Topic Terms

What is Tortious Interference

Tortious interference is a civil law claim in which a third party intentionally interferes with another person or company's existing or prospective business contracts and relationships, causing economic harm — giving the injured party grounds to sue for damages.

Tortious interference (also called tortious interference with contract or tortious interference with business relations) is a civil legal claim in which one party intentionally and improperly interferes with another party's existing contractual relationship or prospective business relationship, causing economic harm. The person or company that was interfered with can sue the interfering party for compensatory damages.

It is a business tort — one of the primary legal remedies for unfair competitive conduct that doesn't rise to the level of fraud or breach of contract (since the wrongdoer typically isn't party to the contract).

Two Types of Tortious Interference

1. Tortious Interference with Contract (Existing Relationship)

The most clearly actionable type: the plaintiff had an existing, enforceable contract with a third party, and the defendant knew about it and intentionally caused the third party to break it.

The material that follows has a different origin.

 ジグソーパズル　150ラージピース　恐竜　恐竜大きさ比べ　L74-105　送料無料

Elements (vary by jurisdiction but typically include):

  1. A valid contract existed between the plaintiff and a third party
  2. The defendant had knowledge of the contract
  3. The defendant intentionally induced the third party to breach the contract
  4. The breach actually occurred
  5. The plaintiff suffered damages as a result

2. Tortious Interference with Prospective Business Relations/Advantage

Broader and harder to prove: the defendant interfered with a prospective economic relationship or deal that hadn't yet been contracted.

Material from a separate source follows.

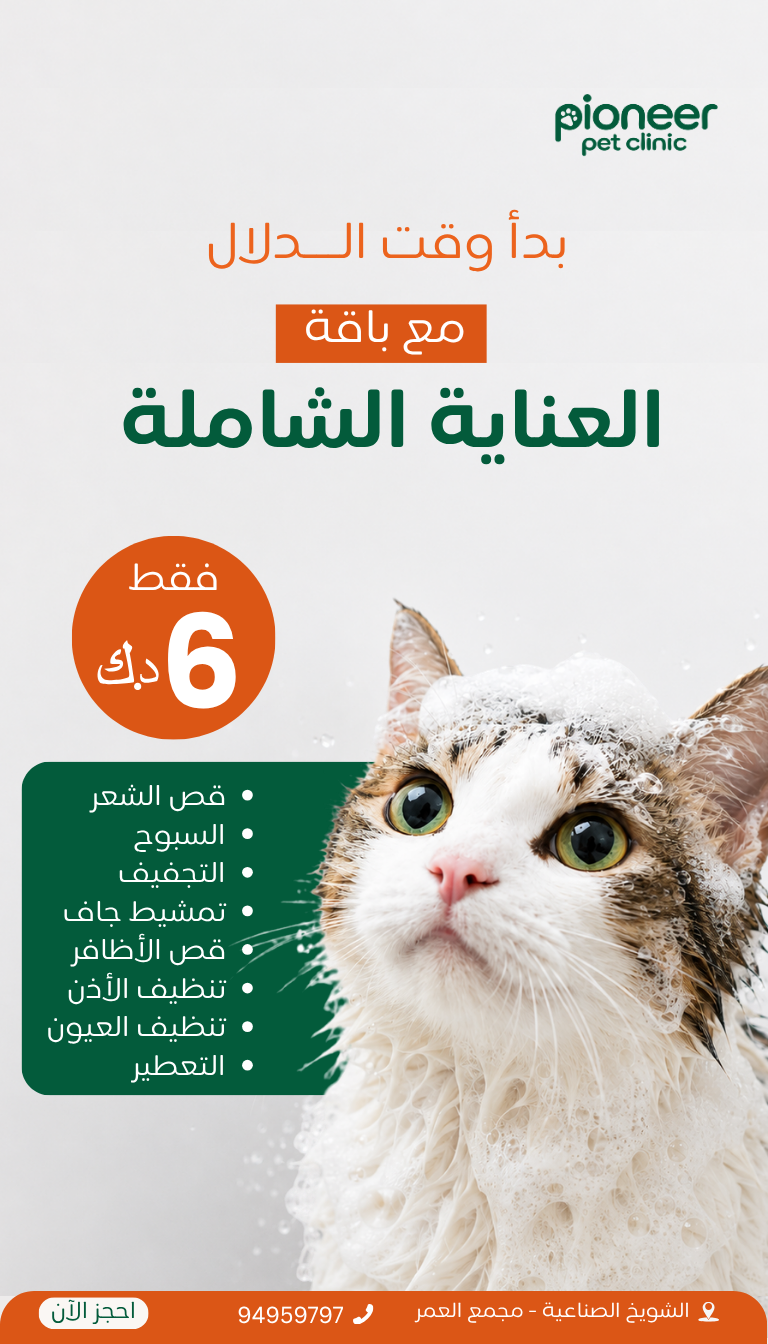 Pioneer Pet Clinic Facebook ad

Additional requirement: In most jurisdictions, the defendant's conduct must have been improper — wrongful by some measure beyond merely competing (fraud, misrepresentation, threats, illegal means, or highly unethical conduct).

Examples

Interfering with contract: Company A has an exclusive supply contract with Company B. Company C learns about the contract, approaches Company B, and persuades them to breach the contract and supply to Company C instead by falsely claiming Company A defrauded them. Company A can sue Company C for tortious interference with contract.

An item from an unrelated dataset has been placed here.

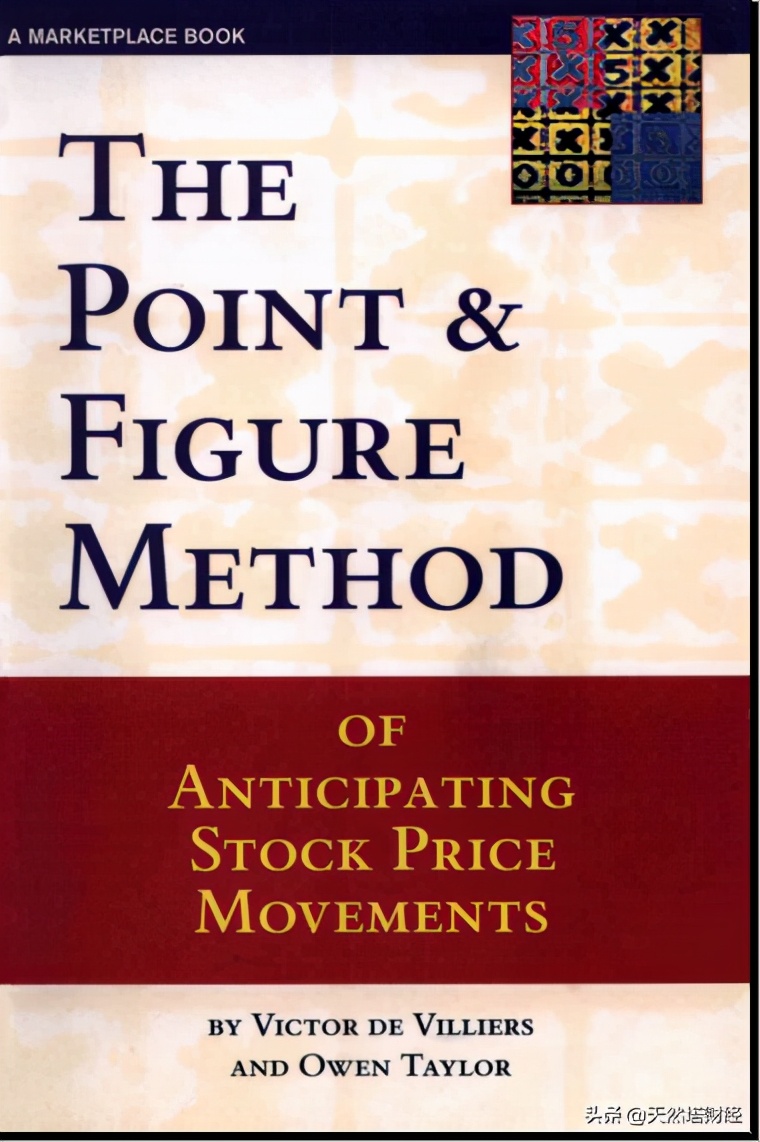 股票基础知识入门书籍（股票入门基础知识 书籍）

Interfering with prospective deal: A real estate developer is close to finalizing a deal to purchase property. A competitor spreads false rumors to the seller that the developer is financially insolvent, causing the seller to cancel negotiations. The developer could claim tortious interference with prospective business relations.

Competitor poaching: A company sends targeted offers to a competitor's employees under long-term contracts, inducing them to quit in breach of those contracts — potentially tortious interference.

What Is NOT Tortious Interference

Competition itself is not tortious interference. Legitimate competitive activity — offering better prices, superior products, or attractive alternatives — is not improper even when it causes someone to lose business.

Key distinctions:

  • Price competition: Offering to sell at a lower price than a competitor is not tortious interference
  • Better product: Winning a customer by offering a superior service isn't tortious interference, even if an existing contract allows termination
  • Truthful communication: Saying true things about a competitor's product is generally protected
  • Employee solicitation (of at-will employees): Generally not tortious interference; different analysis for employees under fixed-term contracts

The improper conduct element requires something beyond just competing — it must involve wrongful means (lies, threats, bribery, unlawful conduct) or achieve an improper objective.

Damages in Tortious Interference Cases

Plaintiffs can recover:

  • Lost profits: Economic losses directly caused by the interfered-with contract or relationship
  • Lost business value: Where interference caused lasting damage to business relationships
  • Consequential damages: Other foreseeable economic harms flowing from the interference

Courts may also award punitive damages in cases involving egregious, intentional misconduct.

Proving tortious interference requires documentation of the existing relationship, evidence of the defendant's knowledge and intentional conduct, and quantification of economic damages — making it important to work with experienced business litigation counsel when pursuing or defending against such claims.